* AIM OF THE EXERCISE:
Without including any picture, copy the entries that follow word for word.

Records from a data source

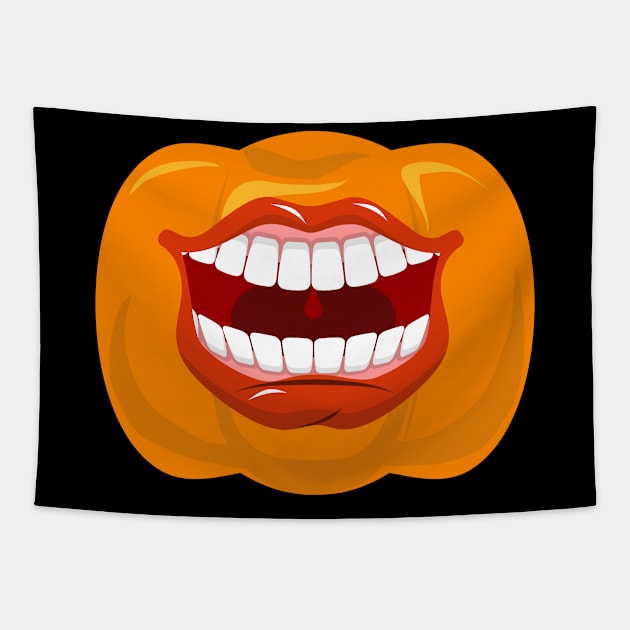 Halloween mouth on pumpkin funny Tapestry by Starlight Tales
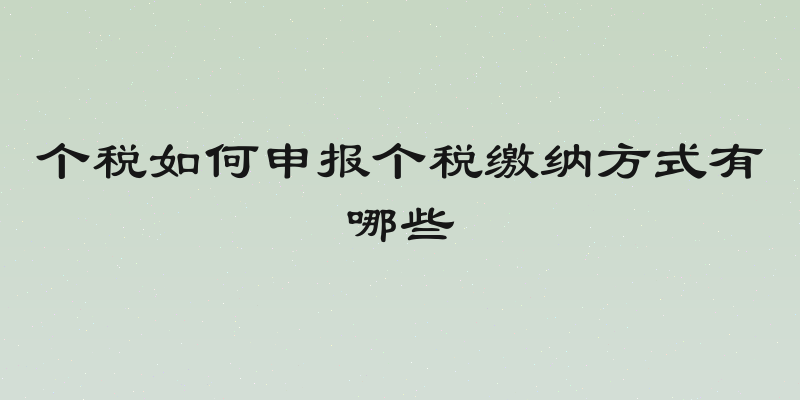 个税如何申报个税缴纳方式有哪些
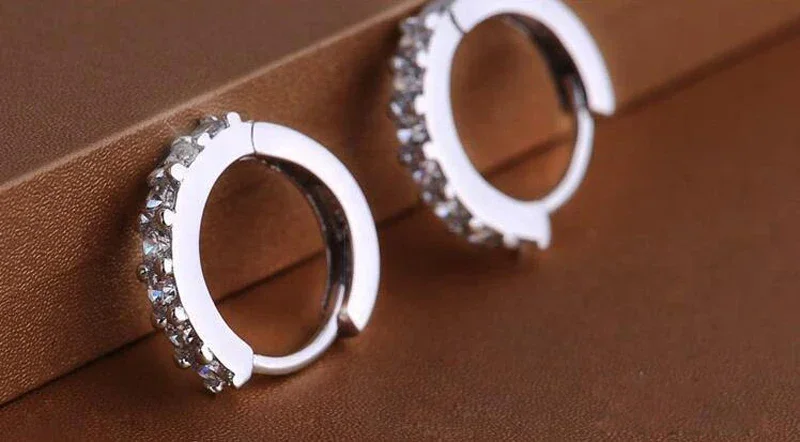 10mm luxury Zircon Hoop Earrings for Grils 10mm luxury Zircon Hoop Earrings for Grils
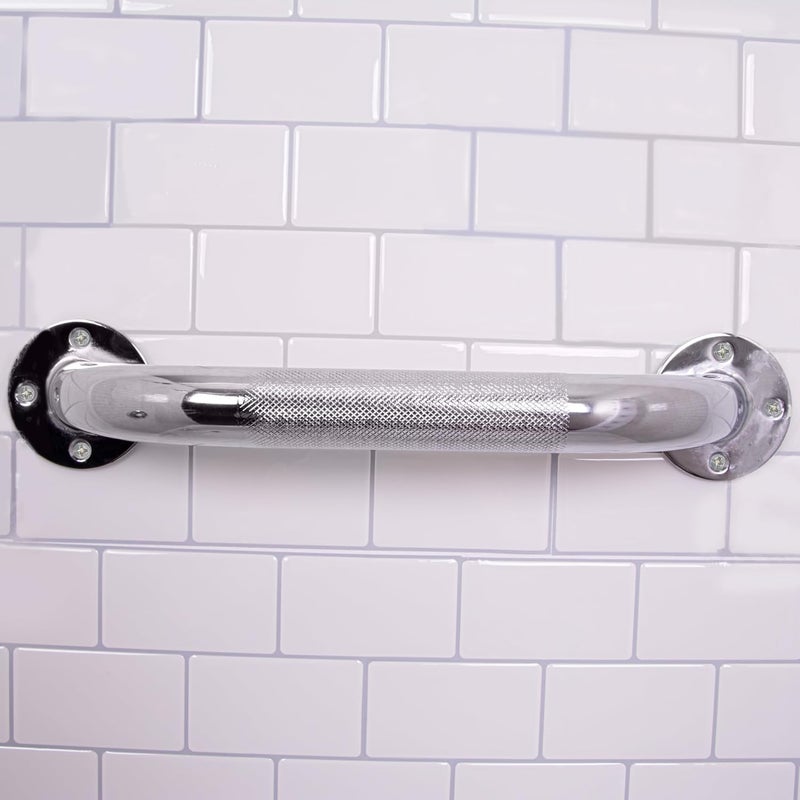 careX Textured Grab Bars for Bathtubs and Showers - Grab Bars for Bathroom Safety - 12 inch Durable Stainless Steel Shower Handle Serves as Handicap Grab Bar and Elderly Assistance Products - Image 4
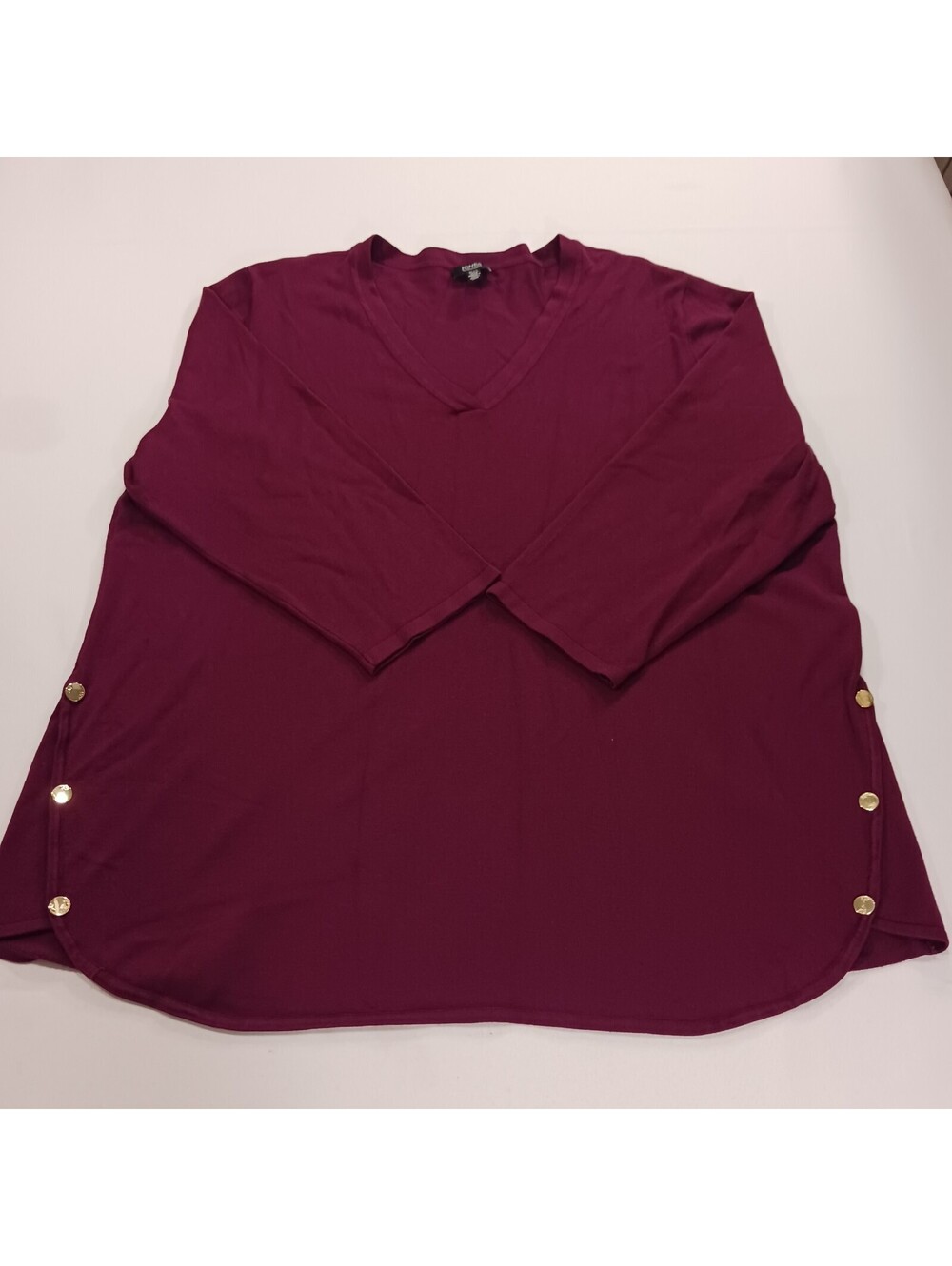 Jones New York Signature Women's Burgundy Pullover Sweatshirt Blouse Size 2XL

* EXERCISE RESPONSE:
 Halloween mouth on pumpkin funny Tapestry by Starlight Tales
 个税如何申报个税缴纳方式有哪些
 10mm luxury Zircon Hoop Earrings for Grils 10mm luxury Zircon Hoop Earrings for Grils
 careX Textured Grab Bars for Bathtubs and Showers - Grab Bars for Bathroom Safety - 12 inch Durable Stainless Steel Shower Handle Serves as Handicap Grab Bar and Elderly Assistance Products - Image 4
 Jones New York Signature Women's Burgundy Pullover Sweatshirt Blouse Size 2XL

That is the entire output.